What, indeed? “Beloved,” a dense, multilayered story that takes place in 19th century middle America, post-Civil War, is not an easy task for a composer. It moves swiftly back and forth from the excruciatingly intense, ghost-filled inner voyage of Sethe (the character played by Oprah Winfrey) to the paradoxically contrasting images of violence and accomplishment that characterized the lives of the first generation of former slaves. For many directors and composers, “Beloved” clearly is the kind of picture that demands the rich, complex aural tapestry of a full orchestra score.

But Demme had something else in mind, something far more minimal. Directors often use temporary music cues--”temp scores” as they’re called--when they work with their editors on the first rough assemblage of a film. The music can come from any number of sources, sometimes from existing music, sometimes from the composer’s own library of music.
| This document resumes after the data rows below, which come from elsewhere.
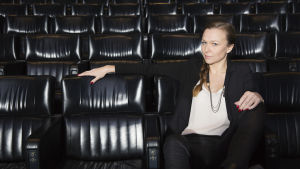 Andrea Reuter är producent på Helsinki-filmi. Andrea Reuter, bilden är tagen i Bio Mauritz i Filmhuset i Stockholm.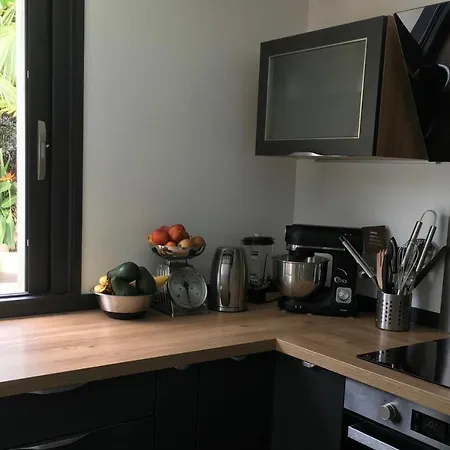 Bed,kitchen And Swimming Pool Esterel فندق مبيت وإفطار 2*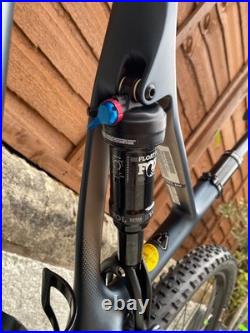 Mountain bike Specialized Carbon Frame Comp full suspension, unmarked, not used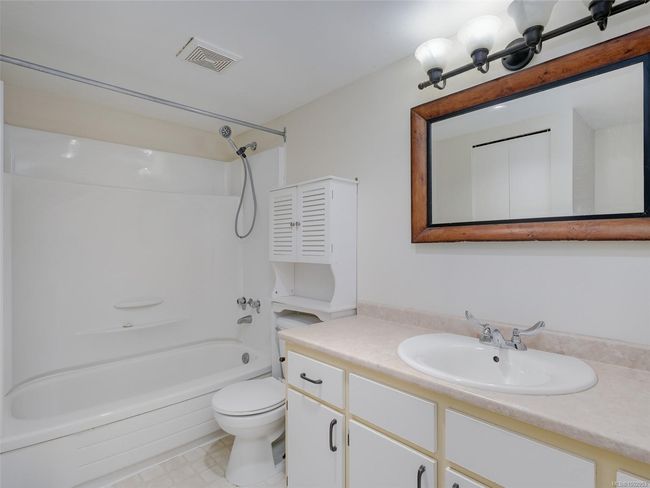 Full bathroom with vanity and shower / washtub combination | Image 15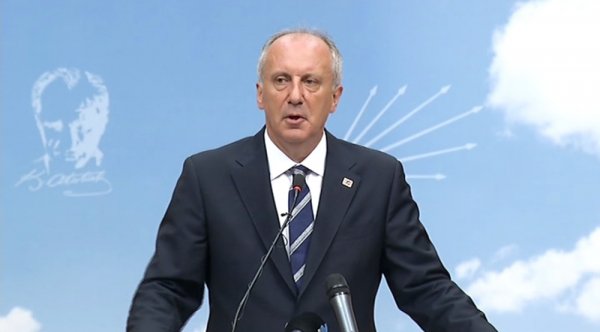 Doğan Şentürk: “Siyasetçiyle gazeteci arasındaki ilişki perdesiz evde çıplak dolaşmaya benzer” f_665_1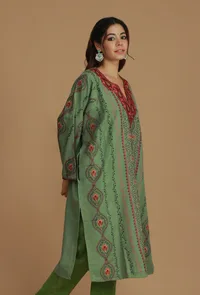 All-Over Aari Embroidered Sage Green Kashmiri Phiran- Free Size image 3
And Demme had collected some music that seemed to fit his needs.

“There were a couple of pieces of old black songs that he had put in and some African stuff that he’d heard and he liked and he really, really wanted to hear in the score. And that was good, because it showed me the kind of elements that were most important to him,” says Portman, who was the first woman to be awarded an Oscar for film composing.
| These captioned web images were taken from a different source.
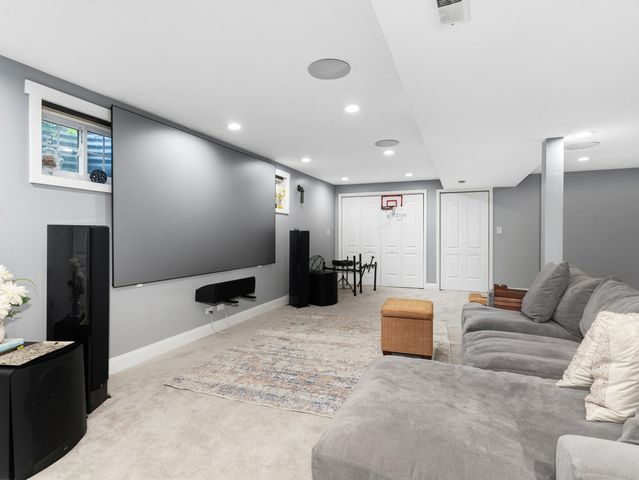 204 Rosedale Court, Bloomingdale, IL 60108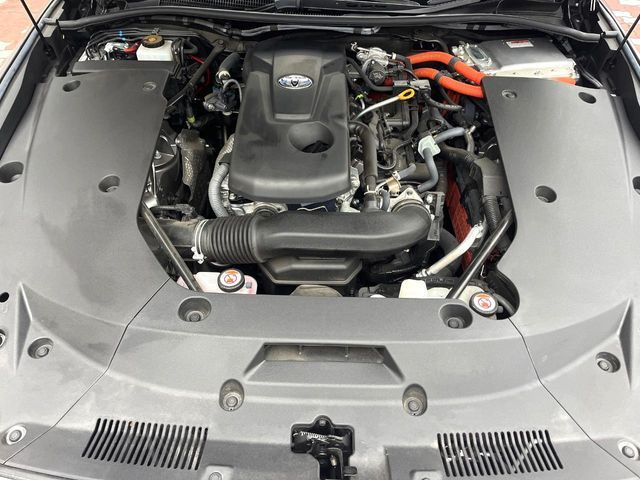 CROWN sedan hybrid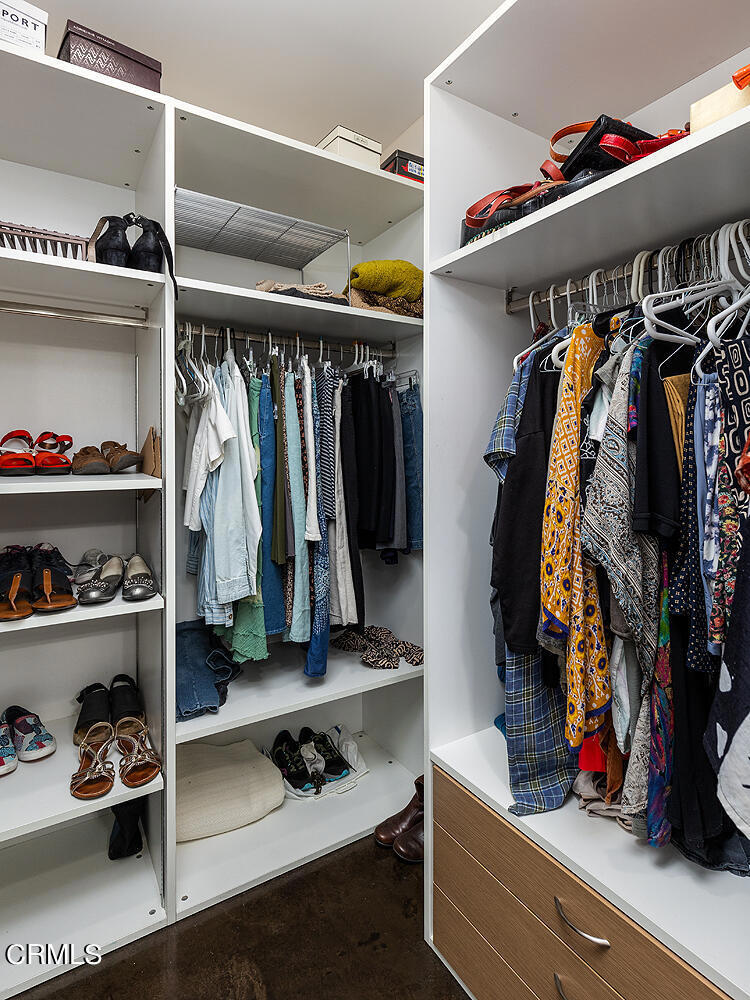 125 N Raymond Avenue 210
Film composers are not generally fond of temp tracks, if only because the initial ambience they create in a director’s mind can undercut any subsequent music that a composer might supply. Some composers either refuse to listen to a temp track at all, or else agree to a cursory hearing before getting on with their own composing. Others sometimes take the bull by the horns and work with the director to assemble their own temp track in the hope of minimizing the differences between the temp track and their own work.

Portman, 37, a classically trained English composer who also wrote scores for “Only You,” “Benny and Joon,” “The Joy Luck Club” and numerous other films, decided to take the latter path with “Beloved.”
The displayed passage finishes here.